Siedelten die Römer lange nach der Varusschlacht in Germanien? Zu den Bewohnern könnten Legionäre gehört haben, die gegen den Kaiser meuterten.

Die Frevler gingen mit schwerem Gerät und großer Wut ans Werk. Sie stürzten den Kaiser vom Sockel und schlugen die goldüberzogene Bronzestatue in unzählige Stücke. 2000 Jahre später klaubten Archäologen hunderte Fragmente des römischen Reiterstandbilds aus dem Boden bei Waldgirmes an der Lahn. Doch vermutlich hatten nicht siegreiche Germanen das Symbol kaiserlicher Herrschaft zertrümmert, sondern rebellische römische Soldaten.

Mit dieser frappanten These versucht Armin Becker die neuesten archäologischen Funde in Waldgirmes zu erklären: Roms erste – und einzige – Stadt mitten im feindlichen Germanien existierte offenbar länger als bislang gedacht und war von den Erschütterungen durch die Varusschlacht nicht betroffen. Der Archäologe der Römisch-Germanischen Kommission (RGK) in Frankfurt rückt damit eine archäologische Stätte wieder in die Diskussion um das römisch-germanische Mit- und Gegeneinander, die im Jubiläumsjahr der Schlacht im Teutoburger Wald etwas an den Rand gerückt war.

Denn Waldgirmes ist noch immer ein solitärer Zeuge aus unruhiger Zeit in Mitteleuropa: Die Kelten waren im freien Germanien nicht mehr tonangebend, die Germanen als Machtfaktor noch nicht so richtig präsent.

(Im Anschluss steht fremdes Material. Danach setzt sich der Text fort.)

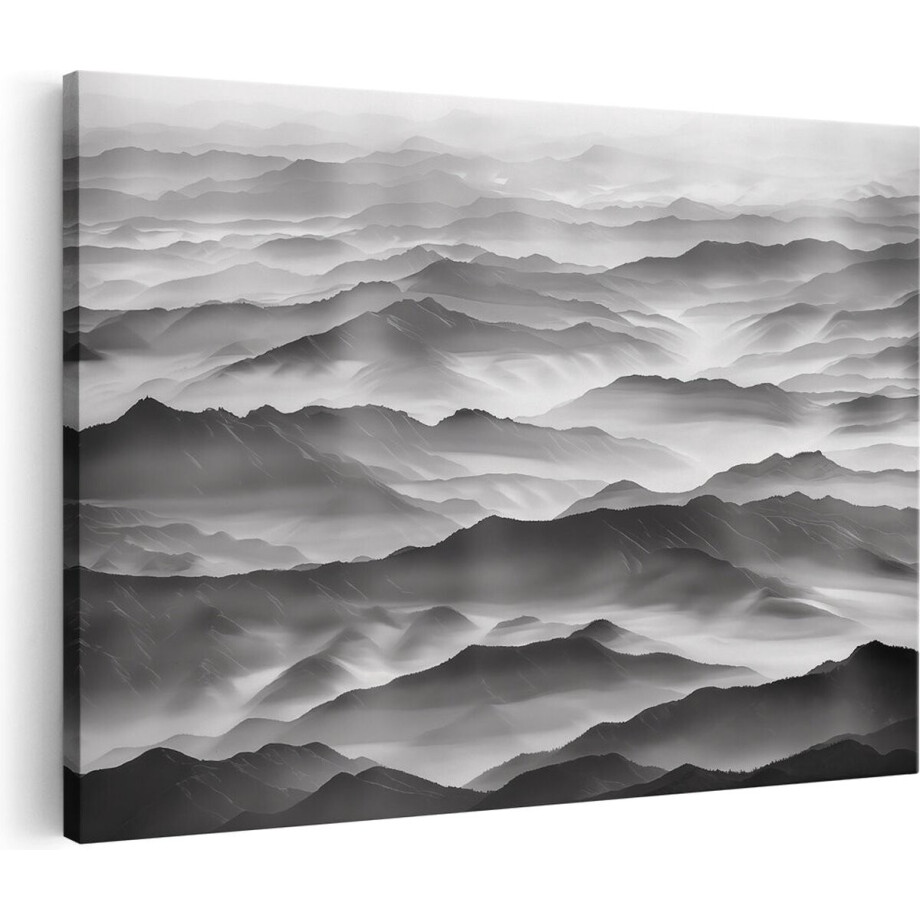 Artaza Canvas Schilderij Zwart Wit Beeld van Bergen - 60x40 cm - Wanddecoratie Woonkamer - Schilderijen - Muurdecoratie Artaza Canvas Schilderij Zwart Wit Beeld van Bergen - 60x40 cm - Wanddecoratie Woonkamer - Schilderijen - Muurdecoratie afbeelding 1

Da bauten die Römer um 4 vor Christus zwischen den heutigen Städten Wetzlar und Gießen eine rein zivile Stadt, 100 Kilometer vom sicheren Rhein entfernt. „Das schmeißt einiges um, was man bislang über die römische Expansionspolitik und das Zusammenleben von Germanen und Römern zu wissen meinte“, sagt Siegmar Freiherr von Schnurbein, ehemaliger Chef der RGK, die zum Deutschen Archäologischen Institut in Berlin gehört.

Und das las sich so: Nach Cäsars Tod waren die Römer innenpolitisch blockiert und hatten außenpolitisch zu tun, das gerade eroberte Gallien zusammenzuhalten. Die römische Präsenz östlich des Rheins beschränkte sich auf temporäre Lager und gelegentliche militärische Vorstöße in den Jahren 11 bis 9 vor Christus. Unter Augustus, so die Lehrmeinung seit Mommsen, gab es keine strategische Planung zur Eroberung und Einrichtung einer „Provinz Germanien“ zwischen Rhein und Elbe.

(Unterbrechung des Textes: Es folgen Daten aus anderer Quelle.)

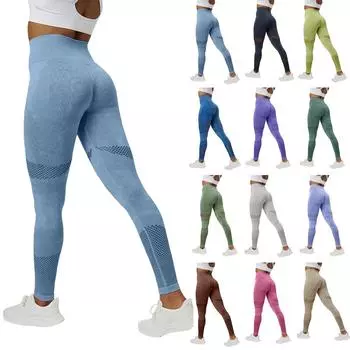 Женские модные однотонные штаны для йоги с высокой талией, узкие спортивные штаны для фитнеса L коричневый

Und dann tauchte unter den Spaten der Frankfurter Forscher aus dem Lößboden des Lahntals diese Siedlung auf. Aus den Puzzlestücken Mauersteine, Bronzestücke, Pfostenlöcher, Holzkohle, Bleiklumpen, Bodenverfärbungen und Gräben setzten die Archäologen mit finanzieller Unterstützung der Deutschen Forschungsgemeinschaft seit 1993 ein Mosaik zusammen, das dem Ort ein prägnantes Gesicht gibt und klar macht, dass es sich „um die Keimzelle einer römischen Stadt handelt“, so die Archäologin Gabriele Rasbach von der RGK.

Von außen erweckte der Ort – mit drei Toren, zwei Spitzgräben vor einer massiven Holzwehr auf dem Erdwall – den Eindruck eines Militärlagers. Doch innen gab es weder Kasernen noch Appellplatz. Stattdessen zwei breite sich kreuzende Straßen mit einer Abwasserrinne in der Mitte, Remisen, Speicher, Tavernen, Bauten mit Laubengängen und Häuser im mediterranen Atriumstil. „Hier lebten Menschen, die einen Anspruch auf gehobenes Wohnen hatten“, sagt Armin Becker.

Der dominierende Bau war das Forum, das unerlässliche Zentrum einer jeden römischen Stadt. An die große Versammlungshalle, die Basilika, waren zwei Apsiden und ein Viereckbau angegliedert. Hier saß die zivile Verwaltung, hier wurde Recht gesprochen. In den Wandelhallen wickelte man Geschäfte ab oder frönte dem gehobenen Müßiggang. Und im Innenhof stand auf einem der fünf massiv gemauerten Podeste die vergoldete Bronzestatue des Kaisers: Hier ist Rom!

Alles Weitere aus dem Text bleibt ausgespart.